# Welcome to this Kernel

* This kernel is a compilation of 24 exercises with solutions from this webpage:

https://www.machinelearningplus.com/python/101-pandas-exercises-python/


# Upvote if you found it useful


<a id='table_of_contents'></a>
# Table of contents

[1. How to create a series from a list, numpy array and dict?](#q1)

[2. How to combine many series to form a dataframe?](#q2)

[3. How to get the items of series A not present in series B?](#q3)

[4. How to get the items not common to both series A and series B?](#q4)

[5. How to get useful infos](#q5)

[6. How to get frequency counts of unique items of a series?](#q6)

[7. How to convert a numpy array to a dataframe of given shape? (L1)](#q7)

[8. How to find the positions of numbers that are multiples of 3 from a series?](#q8)

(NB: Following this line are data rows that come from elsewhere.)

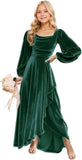 Long Sleeve Junior Bridesmaid Dresses Velvet Flower Girl Dress for Wedding Party Pageant Gown with Ruffle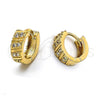 Oro Laminado Huggie Hoop, Gold Filled Style with White Cubic Zirconia, Polished, Golden Finish, 02.63.2326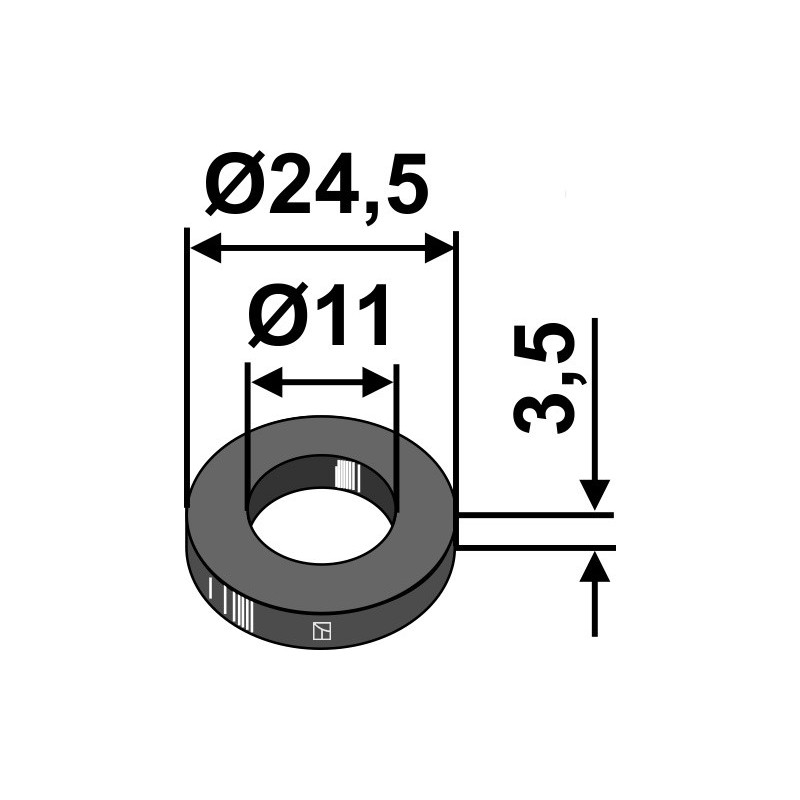 Rondelle Ø24,5x3,5xØ11 - Kverneland - KK012906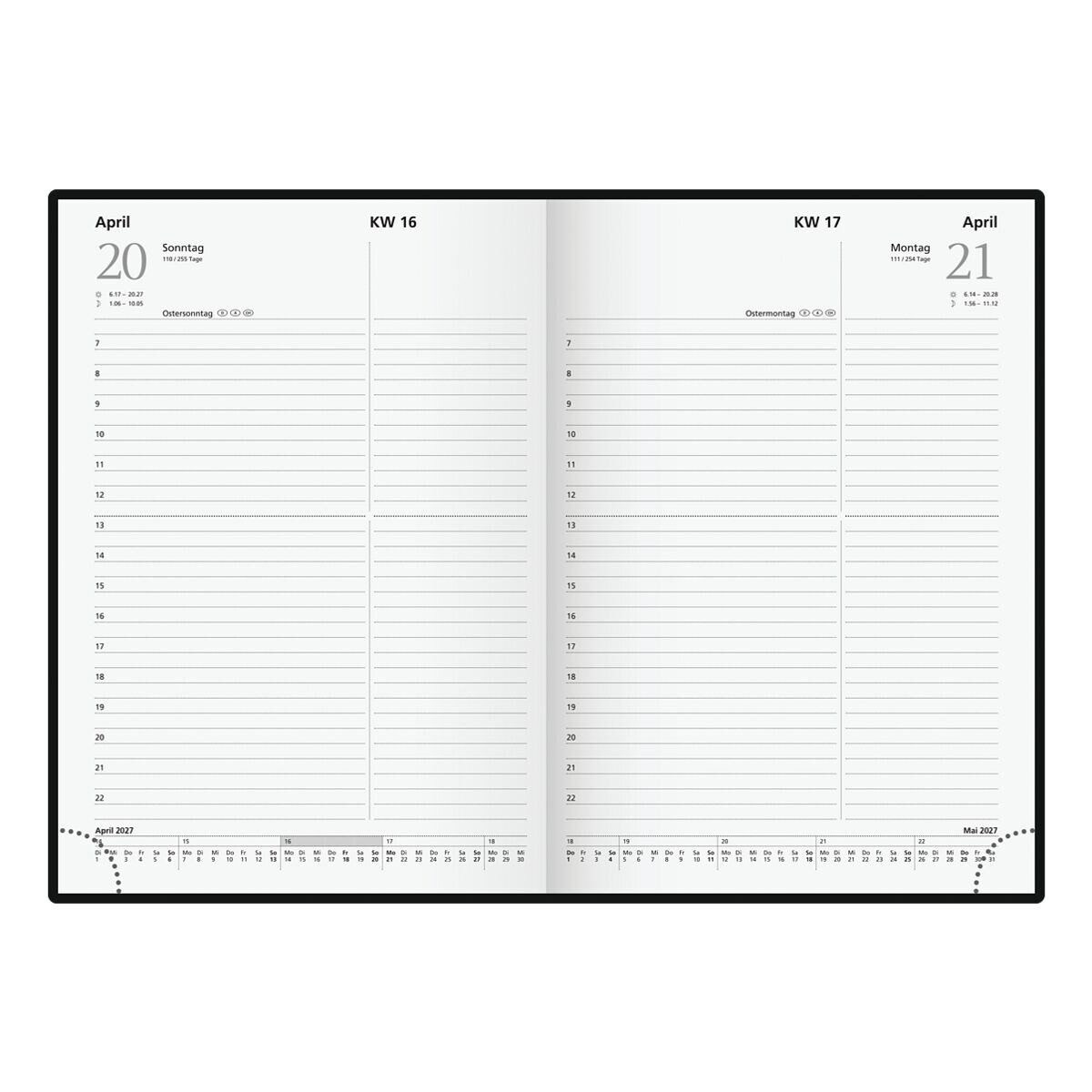 RIDO Buchkalender Chefplaner 2027, 1 Seite = 1 Tag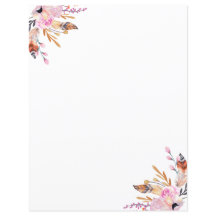 Boho florals alimentam uma página rosa branca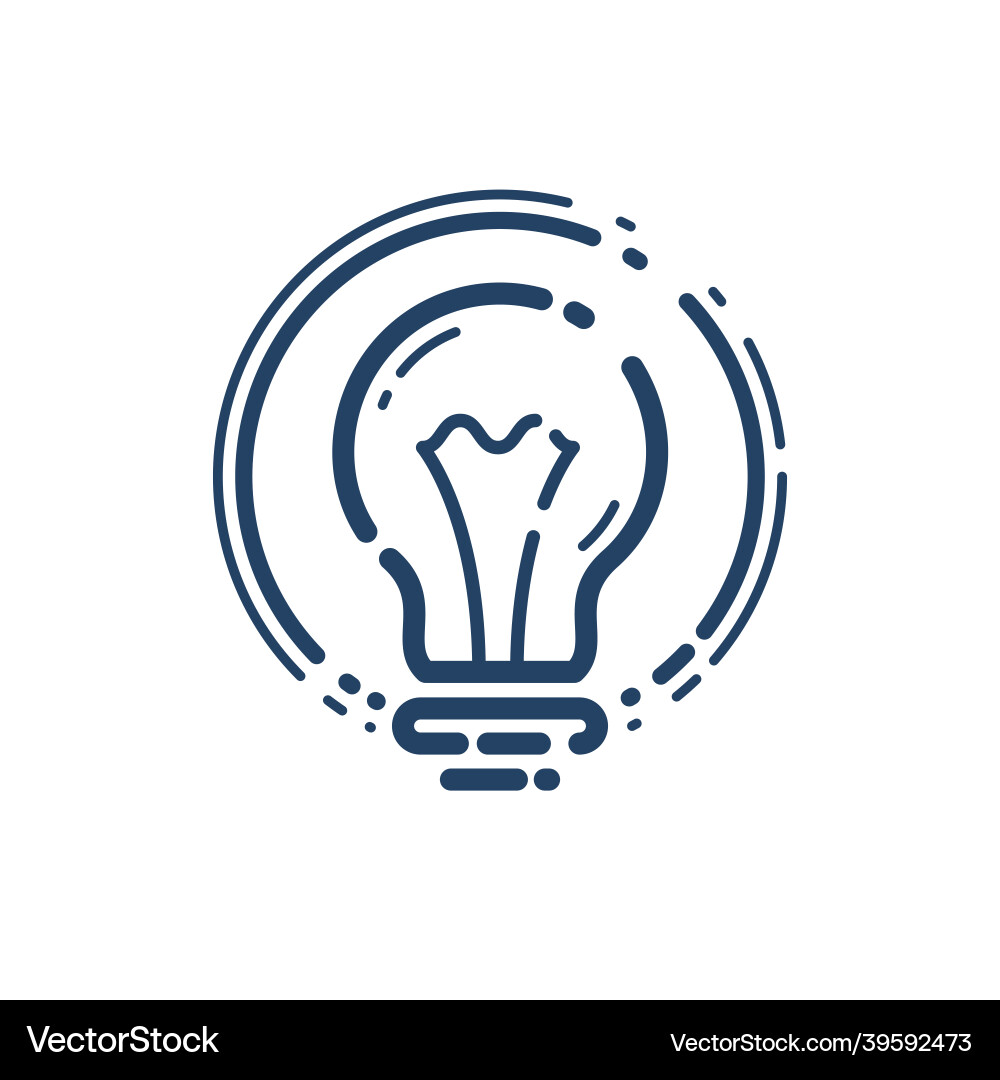 Light bulb idea simple linear icon science Vector Image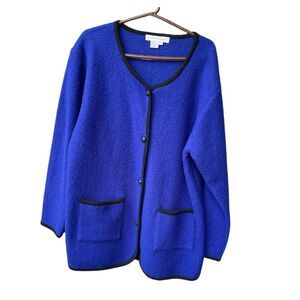 Vintage Jessica Holbrook size L boiled wool cardigan boxy oversized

[9. How to extract items at given positions from a series?](#q9)

[10. How to stack two series vertically and horizontally ?](#q10)

[11. How to get the positions of items of series A in another series B?](#q11)

[12. How to compute difference of differences between consequtive numbers of a series?](#q12)

[13. How to convert a series of date-strings to a timeseries?](#q13)

[14. How to filter words that contain atleast 2 vowels from a series?](#q14)

[15. How to replace missing spaces in a string with the least frequent character?](#q15)

[16. How to change column values when importing csv to a dataframe?](#q16)

[17. How to import only specified columns from a csv file?](#q17)

[18. How to check if a dataframe has any missing values?](#q18)

[19. How to replace missing values of multiple numeric columns with the mean?](#q19)

[20. How to change the order of columns of a dataframe?](#q20)

[21. How to filter every nth row in a dataframe?](#q21)

[22. How to get the last n rows of a dataframe with row sum > 100?](#q22)

[23. How to find and cap outliers from a series or dataframe column?](#q23)

[24. How to reverse the rows of a dataframe?](#q24)


In [None]:
# Allow several prints in one cell
from IPython.core.interactiveshell import InteractiveShell
InteractiveShell.ast_node_interactivity = "all"

import pandas as pd

# Pandas exercise

<a id = 'q1'></a>

**1. How to create a series from a list, numpy array and dict?**

Create a pandas series from each of the items below: a list, numpy and a dictionary

[Go back to the table of contents](#table_of_contents)

In [None]:
# Input
import numpy as np
a_list = list("abcdefg")
numpy_array = np.arange(1, 10)
dictionary = {"A":  0, "B":1, "C":2, "D":3, "E":5}

In [None]:
series1 = pd.Series(a_list)
print(series1)
series2 = pd.Series(numpy_array)
print(series2)
series3 = pd.Series(dictionary)
print(series3)

<a id = 'q2'></a>
**2. How to combine many series to form a dataframe?**

Combine ser1 and ser2 to form a dataframe.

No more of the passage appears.